Work instructions: Leaving out all pictures, write out word for word the lines from the one containing "ALICE Portal Global Settings SMS Settings" to the end of the data below.

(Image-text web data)
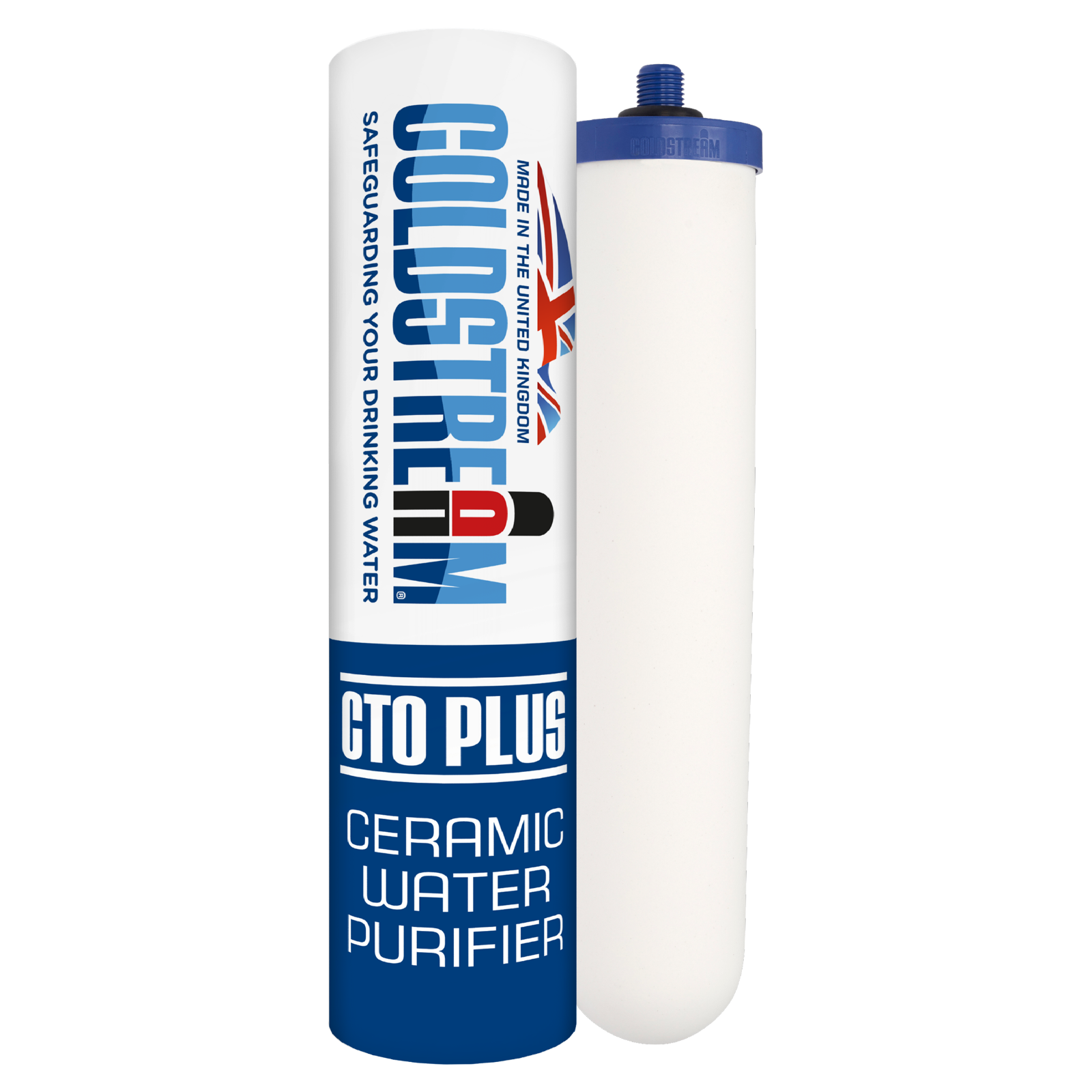 Coldstream 10"" Short Mount Ceramic Water Filter Cartridge CF102W for HIP housing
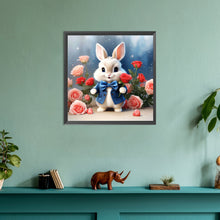 Load image into Gallery viewer, Diamond Painting - Full Round - flower bunny (30*30CM)
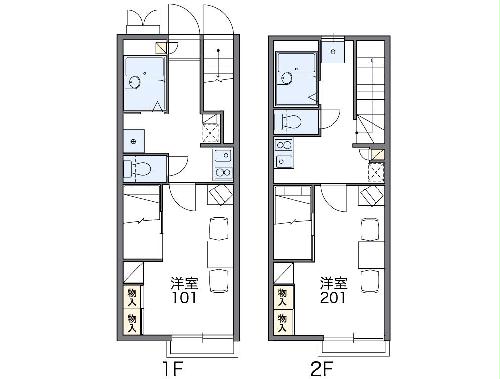 レオパレスプランドールの間取り
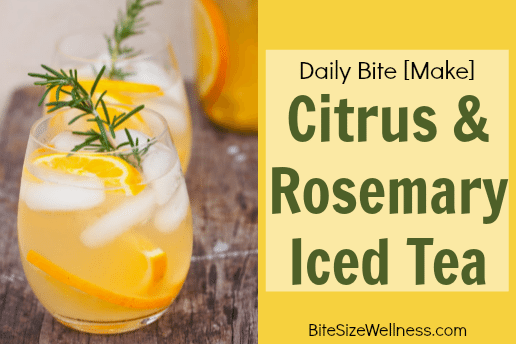 Citrus and Rosemary Iced Tea for Summer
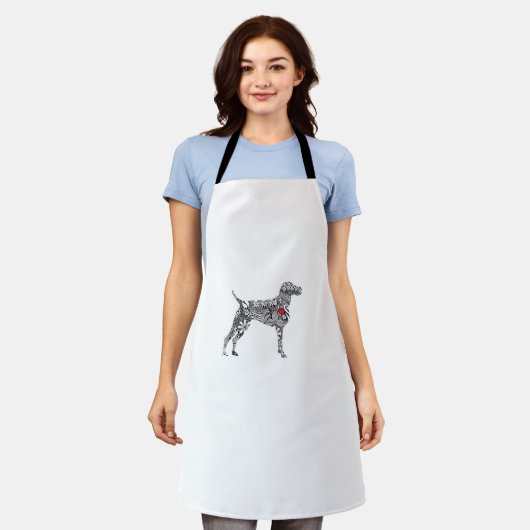 ドイツ語ショートエアーポインタI GSP犬ママ聞くのが大好き エプロン (着用した状態)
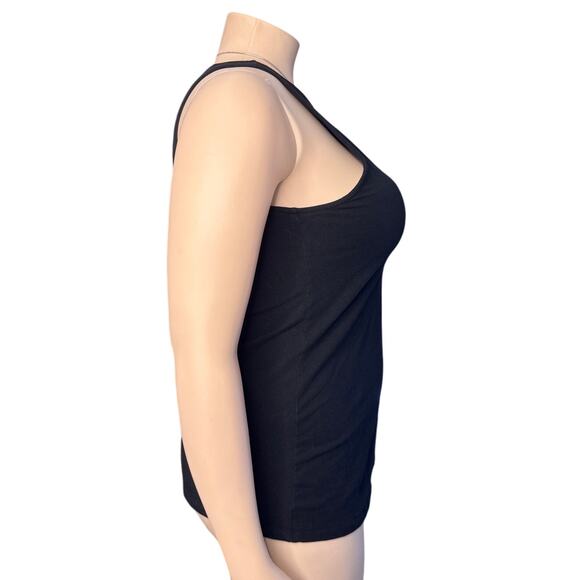 Torrid High Neck Tank Top  Size 3X in Black - Picture 3 of 5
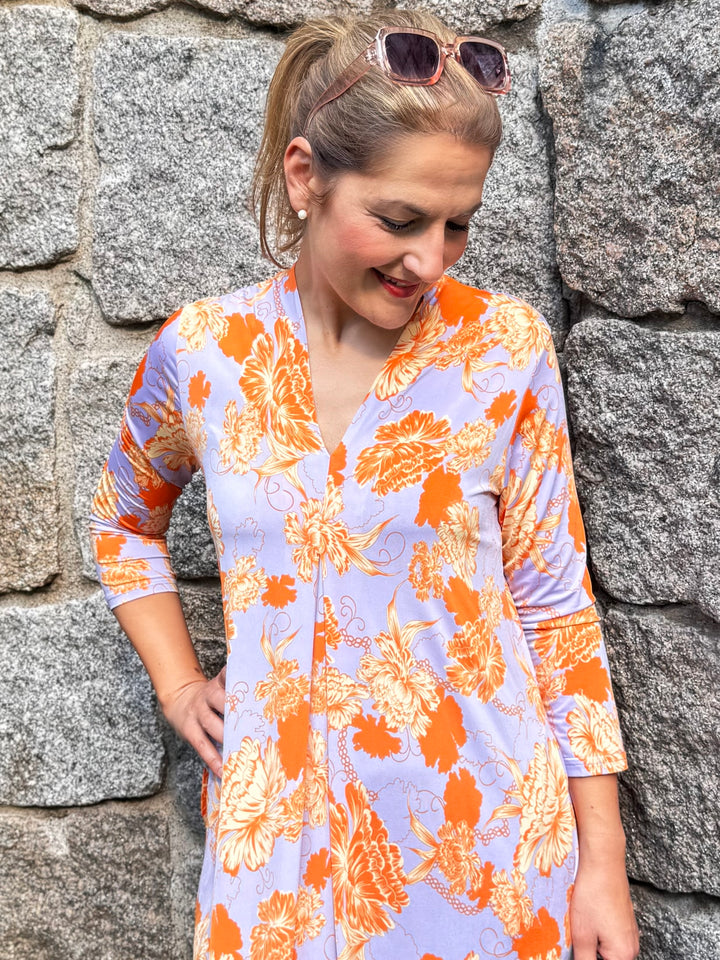 Midi-Kleid Happy - Fleur Orange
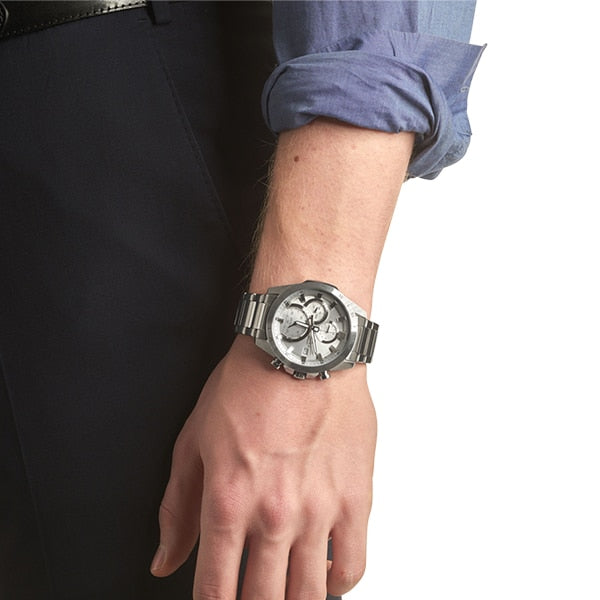 EFR-571MD-8AVUEF CASIO EDIFICE QUADRANTE ARGENTO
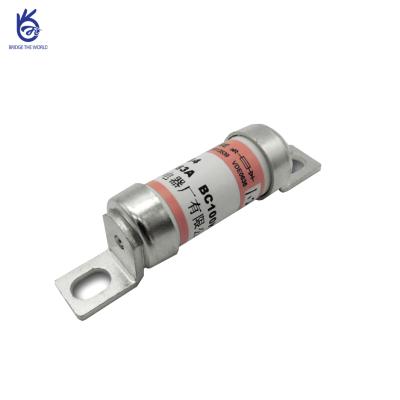 China Silver ac1000v 100a fast fuse with cylindrical porcelain bolted installation for sale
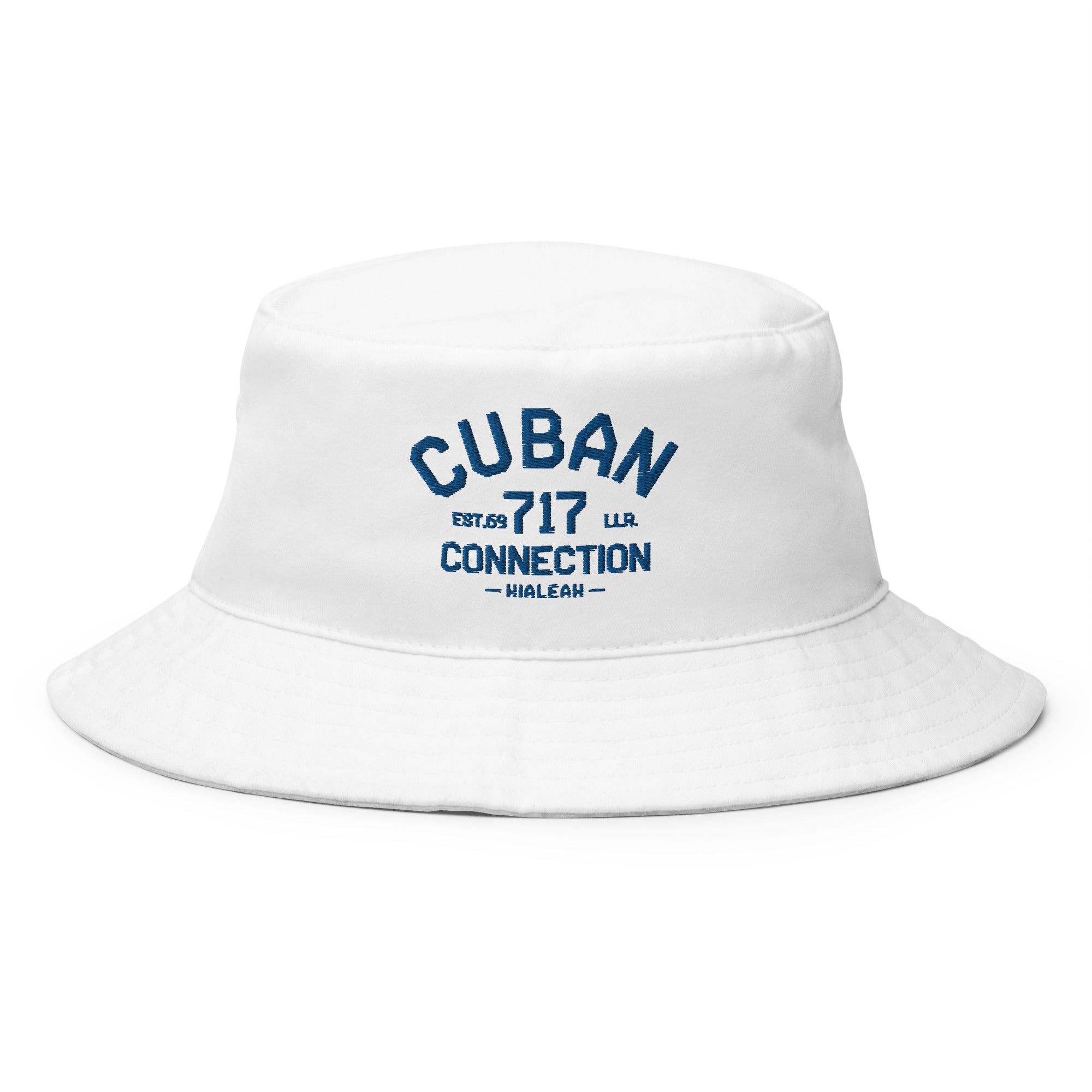 Clásico Blue Logo Embroidered Bucket Hat
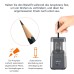 Amazon Basics Portable Electric Pencil Sharpener Spiral Blade Auto Stop Battery USB Powered Black 7.1 x 7.1 x 13.46 cm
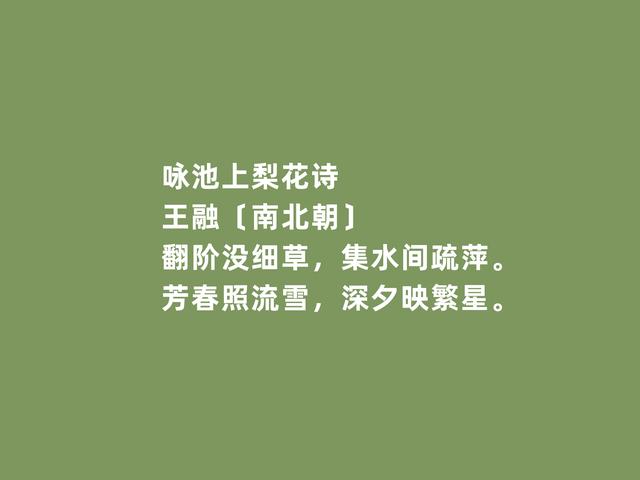 南北朝竟陵八友之一，王融这诗，社会责任感强烈，又暗含佛理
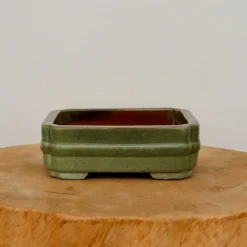 6-Inch Green Glazed Yixing Bonsai Pot (No. 2399a) -Home Decor Items Store IMG 71052 98809.1668009873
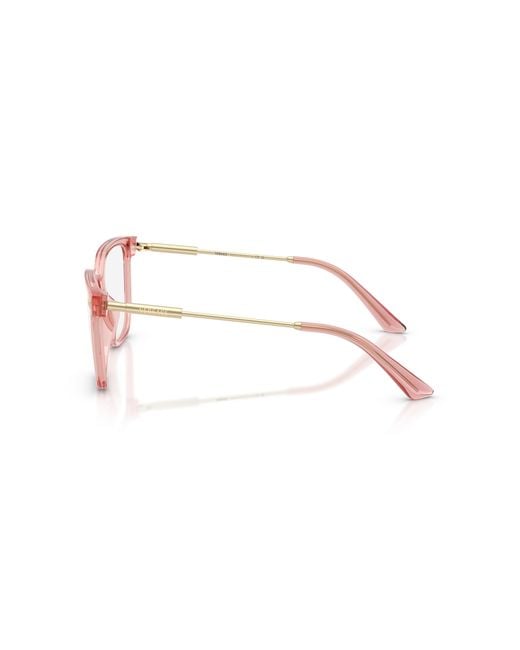 Versace Black Ve3388U 5322 Optical Frames Injected Transparent Squared Normal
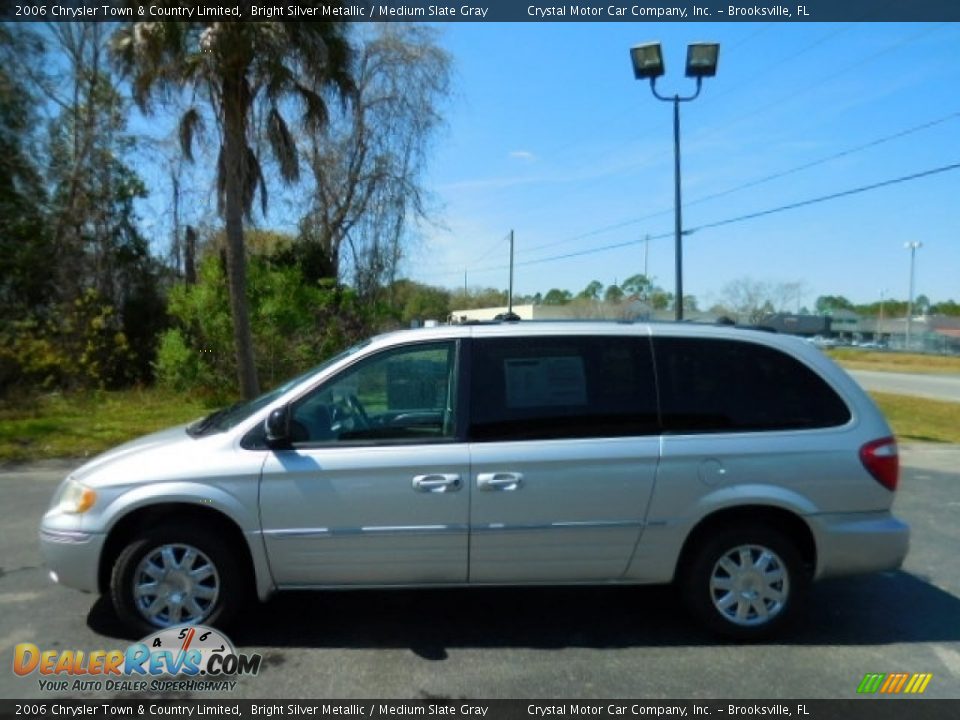 2006 Chrysler Town & Country Limited Bright Silver Metallic / Medium Slate Gray Photo #2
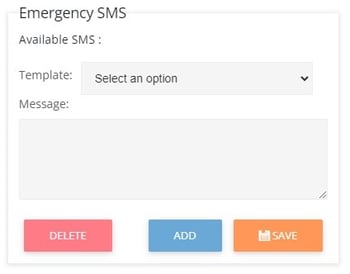 ALICE Portal Global Settings SMS Settings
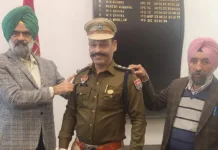 Piping ceremony in Patiala: DIG decorates newly promoted lone inspector from Patiala as DSP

Written answer:
 ALICE Portal Global Settings SMS Settings
 Piping ceremony in Patiala: DIG decorates newly promoted lone inspector from Patiala as DSP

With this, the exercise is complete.